Under Pennsylvania law, an employee is presumed to "serve[] at the pleasure of an employer and the relationship may be terminated by either party and at any time." Adams v. Budd Co., 583 F. Supp. 711, 713 (E.D.Pa.1984). This presumption may be overcome by a showing that termination violated a clearly established public policy. Novosel v. Nationwide Insurance Co., 721 F.2d 894, 898 (3d Cir.1983). Moreover, an employer's custom or practice can create additional contractual rights. Id. at 902-03.
Plaintiff advances two separate contentions. First, he asserts that his November 6 termination violated the public policy underlying the WPCL in that Comten terminated him on November 6 for the purpose of depriving him of earned commissions. Plaintiff next asserts that Comten's personnel policy manual entitled him to at least two weeks' notice before being removed from the payroll.
Plaintiff's public policy argument is without merit.
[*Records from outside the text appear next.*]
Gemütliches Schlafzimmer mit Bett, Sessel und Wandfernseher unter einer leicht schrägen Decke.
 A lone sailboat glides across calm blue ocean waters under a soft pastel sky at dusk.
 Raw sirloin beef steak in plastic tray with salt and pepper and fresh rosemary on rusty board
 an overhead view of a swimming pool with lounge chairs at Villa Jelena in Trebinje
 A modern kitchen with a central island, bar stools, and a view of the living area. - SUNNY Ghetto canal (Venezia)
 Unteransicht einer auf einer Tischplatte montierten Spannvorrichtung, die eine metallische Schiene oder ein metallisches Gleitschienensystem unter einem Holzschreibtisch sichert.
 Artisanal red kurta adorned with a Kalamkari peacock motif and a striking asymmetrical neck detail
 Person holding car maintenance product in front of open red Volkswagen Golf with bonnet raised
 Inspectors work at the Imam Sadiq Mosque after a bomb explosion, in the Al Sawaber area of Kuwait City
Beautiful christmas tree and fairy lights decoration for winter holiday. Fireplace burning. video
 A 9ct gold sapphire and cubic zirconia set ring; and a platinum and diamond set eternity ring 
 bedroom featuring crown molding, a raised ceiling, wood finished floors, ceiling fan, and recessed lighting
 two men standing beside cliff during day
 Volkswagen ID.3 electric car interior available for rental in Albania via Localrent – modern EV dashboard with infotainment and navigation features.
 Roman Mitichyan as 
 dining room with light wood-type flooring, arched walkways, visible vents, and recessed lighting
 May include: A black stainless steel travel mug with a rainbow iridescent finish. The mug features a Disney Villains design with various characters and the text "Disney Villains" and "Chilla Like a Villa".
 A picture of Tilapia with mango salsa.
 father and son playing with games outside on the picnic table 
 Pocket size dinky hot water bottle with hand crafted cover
As I have already discussed, the WPCL is designed to ensure that employees receive the compensation provided for in their contracts. It does not create a new right to compensation, nor does it guarantee an employee a specific term of employment. In the case of a terminated employee, the WPCL applies only to wages earned prior to termination. It "has no application to wages agreed to be paid in the future for services to be rendered in the future." Weingrad v. Fischer & Porter Co., 47 Pa.D. & C.2d 244, 250 (C.P. Bucks County 1968).
Sendi was paid all commissions which, according to the Plans, he had earned as of November 6. He thus received everything he was entitled to under the WPCL. Sendi nevertheless complains that Comten, in order to reduce his commissions, accepted his resignation earlier than the date he had requested, December 31. By claiming that defendant's choice of a termination date violated public policy, plaintiff in effect interprets the WPCL to grant an employee the right to earn compensation until whatever date the employee wishes to specify as his date of termination. Such an interpretation finds no support in the language or purpose of the statute.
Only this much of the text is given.